Top of Extracted records
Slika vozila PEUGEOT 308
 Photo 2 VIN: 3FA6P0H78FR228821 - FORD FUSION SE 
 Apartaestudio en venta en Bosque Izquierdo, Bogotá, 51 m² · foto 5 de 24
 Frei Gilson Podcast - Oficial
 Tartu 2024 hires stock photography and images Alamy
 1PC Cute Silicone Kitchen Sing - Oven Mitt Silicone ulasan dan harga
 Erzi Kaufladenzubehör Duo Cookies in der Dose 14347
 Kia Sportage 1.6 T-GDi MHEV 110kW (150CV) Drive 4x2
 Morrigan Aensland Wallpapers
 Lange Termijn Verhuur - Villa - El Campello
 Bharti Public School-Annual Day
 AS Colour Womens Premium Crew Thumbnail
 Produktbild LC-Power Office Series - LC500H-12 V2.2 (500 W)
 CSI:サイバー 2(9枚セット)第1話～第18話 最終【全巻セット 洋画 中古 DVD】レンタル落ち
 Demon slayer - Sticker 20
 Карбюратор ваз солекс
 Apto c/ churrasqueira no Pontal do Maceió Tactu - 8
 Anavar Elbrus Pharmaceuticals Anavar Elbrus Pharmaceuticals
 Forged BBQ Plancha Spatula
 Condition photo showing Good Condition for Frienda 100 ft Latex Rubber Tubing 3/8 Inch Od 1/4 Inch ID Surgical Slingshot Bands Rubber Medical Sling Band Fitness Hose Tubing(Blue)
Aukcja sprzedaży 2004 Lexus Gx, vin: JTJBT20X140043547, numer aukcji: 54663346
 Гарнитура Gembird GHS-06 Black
Bottom of Extracted records
Your instructions: Transcribe each line of the data exactly, skipping none.

Task result:
Slika vozila PEUGEOT 308
 Photo 2 VIN: 3FA6P0H78FR228821 - FORD FUSION SE 
 Apartaestudio en venta en Bosque Izquierdo, Bogotá, 51 m² · foto 5 de 24
 Frei Gilson Podcast - Oficial
 Tartu 2024 hires stock photography and images Alamy
 1PC Cute Silicone Kitchen Sing - Oven Mitt Silicone ulasan dan harga
 Erzi Kaufladenzubehör Duo Cookies in der Dose 14347
 Kia Sportage 1.6 T-GDi MHEV 110kW (150CV) Drive 4x2
 Morrigan Aensland Wallpapers
 Lange Termijn Verhuur - Villa - El Campello
 Bharti Public School-Annual Day
 AS Colour Womens Premium Crew Thumbnail
 Produktbild LC-Power Office Series - LC500H-12 V2.2 (500 W)
 CSI:サイバー 2(9枚セット)第1話～第18話 最終【全巻セット 洋画 中古 DVD】レンタル落ち
 Demon slayer - Sticker 20
 Карбюратор ваз солекс
 Apto c/ churrasqueira no Pontal do Maceió Tactu - 8
 Anavar Elbrus Pharmaceuticals Anavar Elbrus Pharmaceuticals
 Forged BBQ Plancha Spatula
 Condition photo showing Good Condition for Frienda 100 ft Latex Rubber Tubing 3/8 Inch Od 1/4 Inch ID Surgical Slingshot Bands Rubber Medical Sling Band Fitness Hose Tubing(Blue)
Aukcja sprzedaży 2004 Lexus Gx, vin: JTJBT20X140043547, numer aukcji: 54663346
 Гарнитура Gembird GHS-06 Black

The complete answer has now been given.